結構忠実な人物描写の様です、でも実際の所何処までなのか?不明です。けれど、ルイス・ウェインを知るには良い映画だと思います、流石、ベネディクト・カンバーバッチ。
1881年の父を失い、母と妹4人の生活費を稼ぐ為に働きづくめの部分から映画は始まります。
とても有名な画家ですし、猫原理主義者周辺では特に有名な画家ですから、ある程度は知識があるのですが、それを映像で観るのは、なかなか面白いですし、画角はかなり意識して、ルイス・ウェイン風にしてくれています。
色合いもとても良かったですし、唯一とも言えるパトロンのウィリアム卿を演じた方も良かったのですが、観ている最中は分からなかったのですが、姉役か母親役を、アンドレア・ライズボローが演じていて、とても不安にさせてくれます・・・この人はこういう役ばかりですけれど、本当に印象が強い。個人的には、クリスティーナ・チョー監督「ナンシー」のような人だと思ってます、完全に偏見ですけれど、ナンシーで演じた役柄が、物凄く成りきっていた、と思えたので・・・
この映画の最も(私にとって)素晴らしい所は、最初に飼う事になった妻との関係もあるピーターが、私が2番目に飼い、今までで1番頭の良かったおキャットさまである竹千代にそっくりな白黒のハチワレで鼻が黒い猫だったからです。竹千代、懐かしい・・・竹千代の名の由来は、赤塚不二夫先生の飼っていた菊千代にそっくりだったからです。でも菊千代よりも、竹千代の方がずっと可愛く、賢かったです。あんなに賢いおキャットさまはそうはいません。みんな自分の飼い猫が1番でしょうし、それでいいのですが、私にとってはおキャットさまは人よりも上位の存在なので、その中でも竹千代は可愛かったです。
なので、ピーターが出演してくれているだけで100点満点なんですけれど、ルイス・ウェインの絵画に、もう少しスポットが当たっても良かったと思いますし、精神世界の話しももう少し掘り下げて欲しかったです。

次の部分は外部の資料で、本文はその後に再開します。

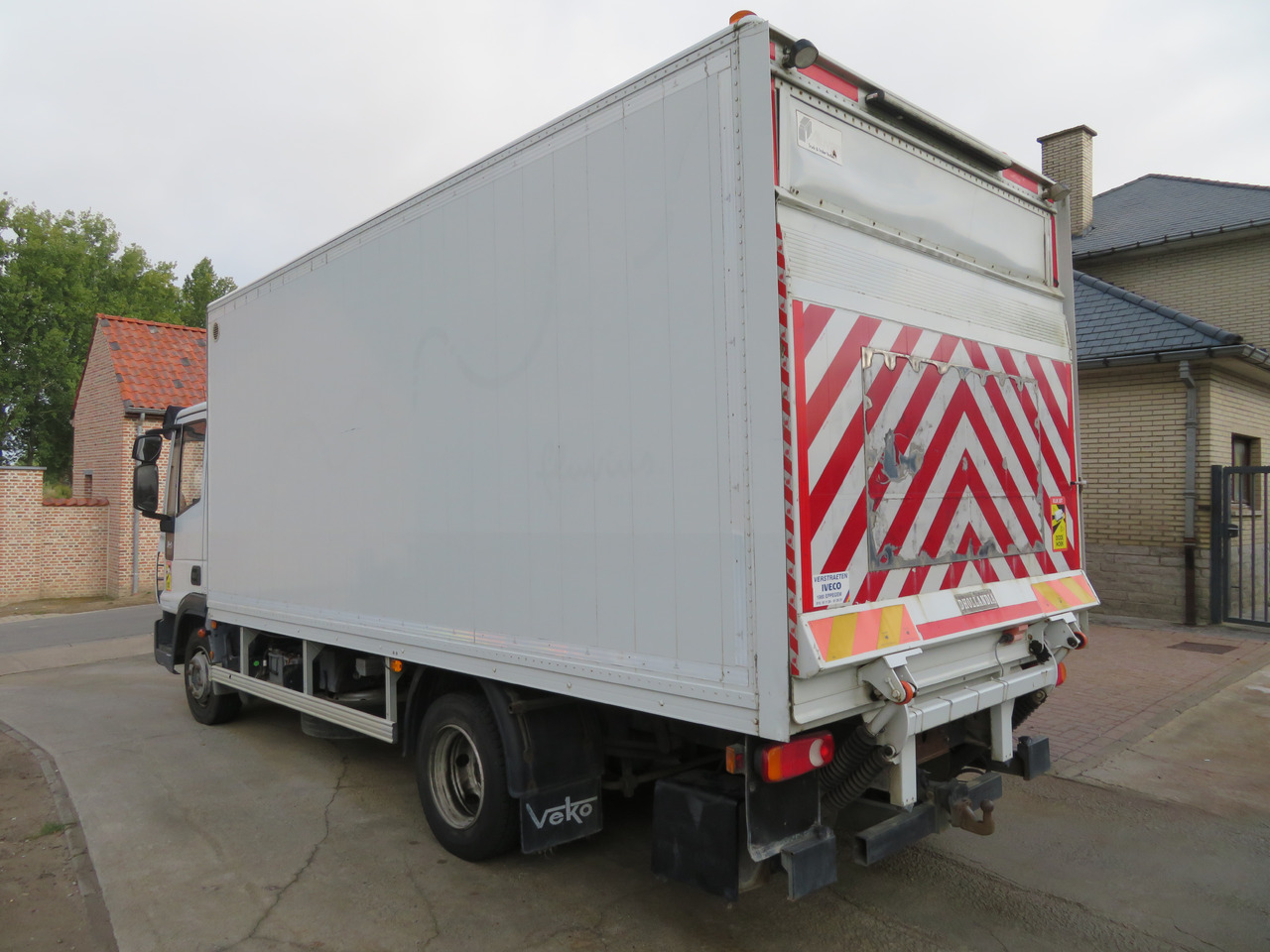 Iveco Eurocargo ML90E18 Bakwagen - Furgonas sunkvežimis: foto 5 Iveco Eurocargo ML90E18 Bakwagen - Furgonas sunkvežimis: foto 5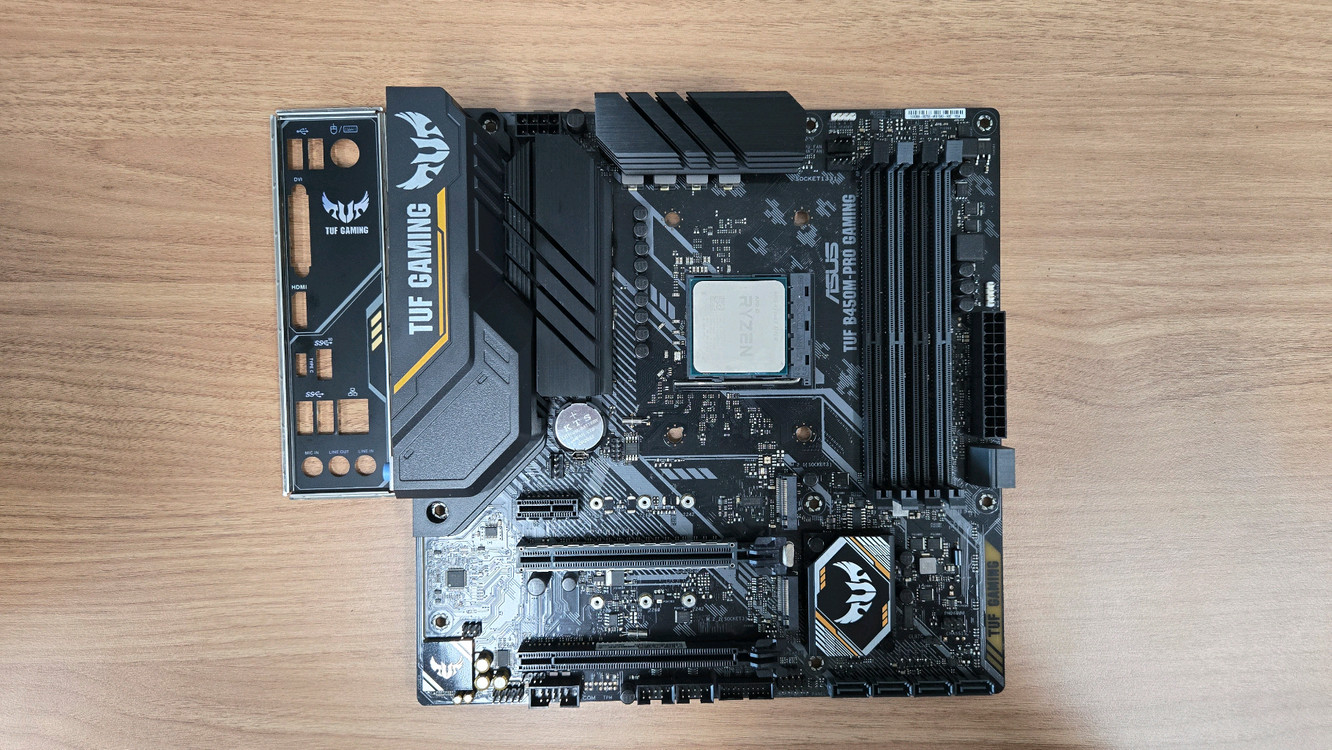 ASUS TUF B450M-PRO GAMING / Ryzen 7 3700X 판매 이미지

結局、妻を愛する、という当たり前すぎる、とても紋切型の話しになってしまい残念です。もっとルイス・ウェインの困惑とか、精神とか彼の絵の遍歴とか、その解釈の話しまでして欲しかったです。
最近人気になった漫画の登場人物で映画化にもなった鬼滅の刃に出てくるれんごくさんは、絶対、ルイス・ウェインの絵画からヒントを得ていると思います、そっくりすぎる・・・
猫が好きな方、おキャットさまには人間が尽くすべき、とお考えの方にオススメ致します。